# [TASK DETAILS]
Copy the records below exactly, starting at the line that contains "RENAULT KANGOO COMPACT 2014" and ending at the line that contains "Ansicht 4 –"; leave out any pictures.

**** INFORMATION

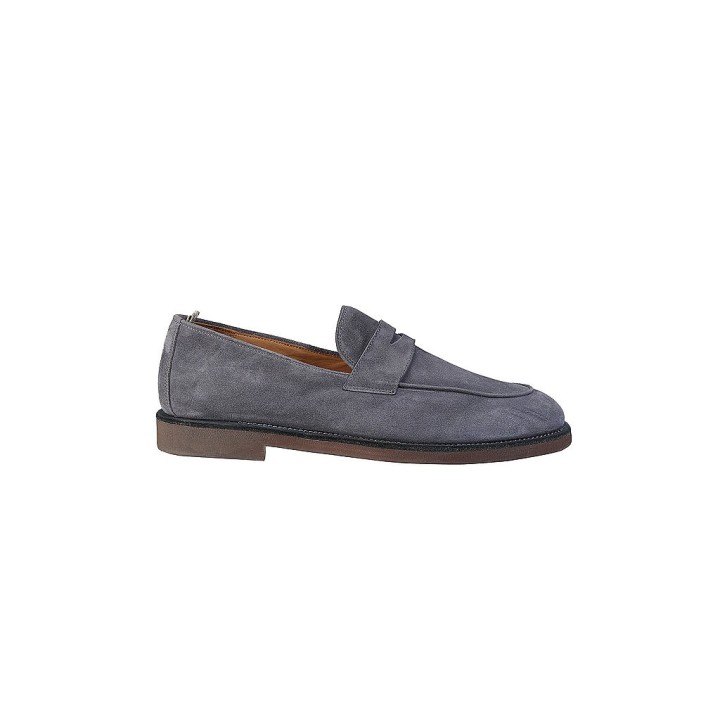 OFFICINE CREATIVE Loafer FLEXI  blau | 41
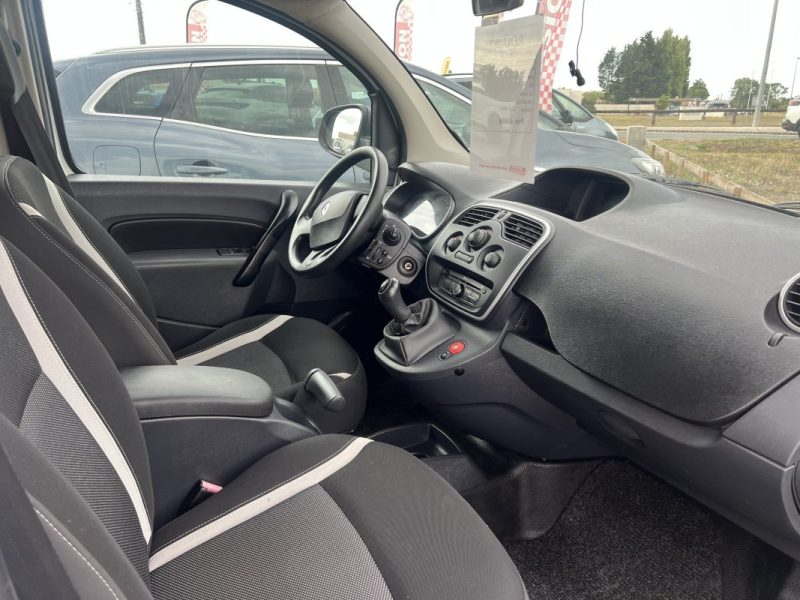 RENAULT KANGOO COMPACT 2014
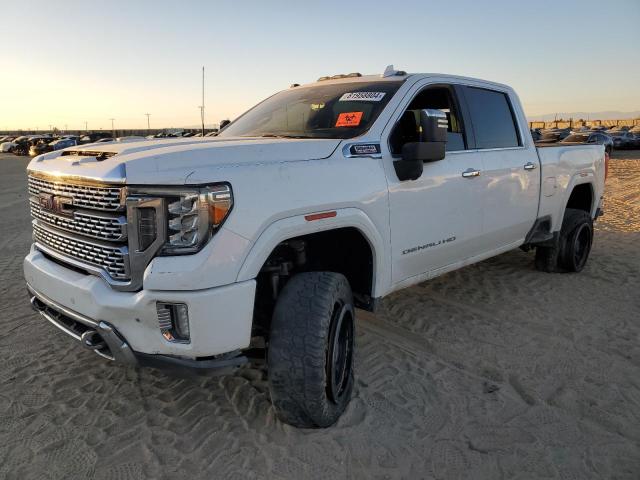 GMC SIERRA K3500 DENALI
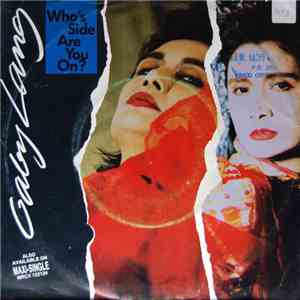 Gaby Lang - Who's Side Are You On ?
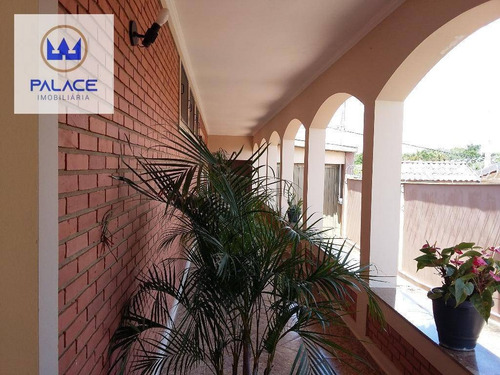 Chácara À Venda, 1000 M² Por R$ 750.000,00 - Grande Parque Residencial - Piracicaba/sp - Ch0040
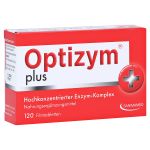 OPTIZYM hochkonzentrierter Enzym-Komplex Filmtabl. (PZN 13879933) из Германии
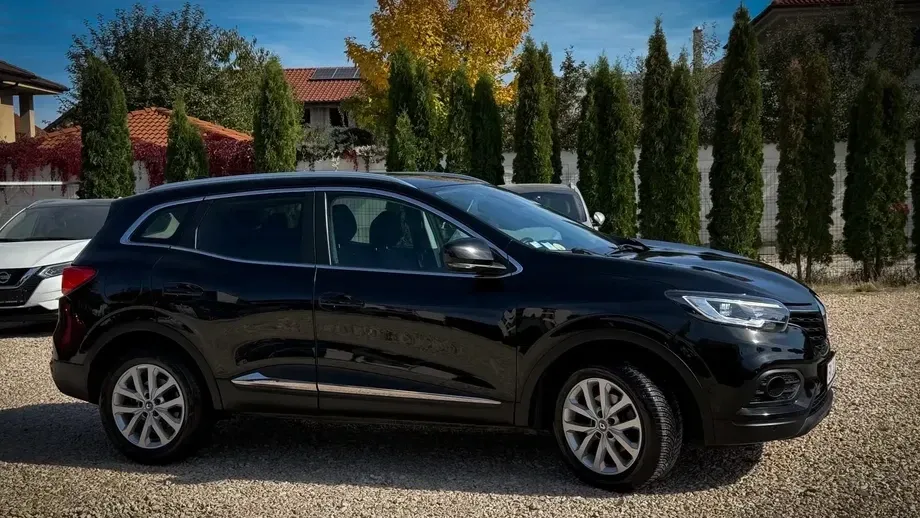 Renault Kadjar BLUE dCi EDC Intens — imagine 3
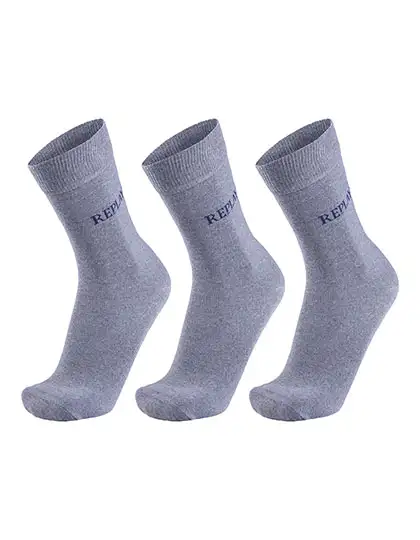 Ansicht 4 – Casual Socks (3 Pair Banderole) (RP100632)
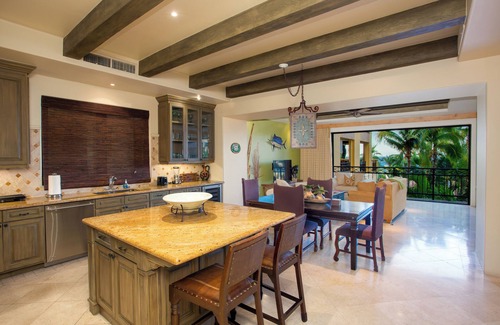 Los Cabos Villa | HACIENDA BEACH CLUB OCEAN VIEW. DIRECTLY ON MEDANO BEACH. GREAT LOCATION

********

# [TASK OUTPUT]
 RENAULT KANGOO COMPACT 2014
 GMC SIERRA K3500 DENALI
 Gaby Lang - Who's Side Are You On ?
 Chácara À Venda, 1000 M² Por R$ 750.000,00 - Grande Parque Residencial - Piracicaba/sp - Ch0040
 OPTIZYM hochkonzentrierter Enzym-Komplex Filmtabl. (PZN 13879933) из Германии
 Renault Kadjar BLUE dCi EDC Intens — imagine 3
 Ansicht 4 – Casual Socks (3 Pair Banderole) (RP100632)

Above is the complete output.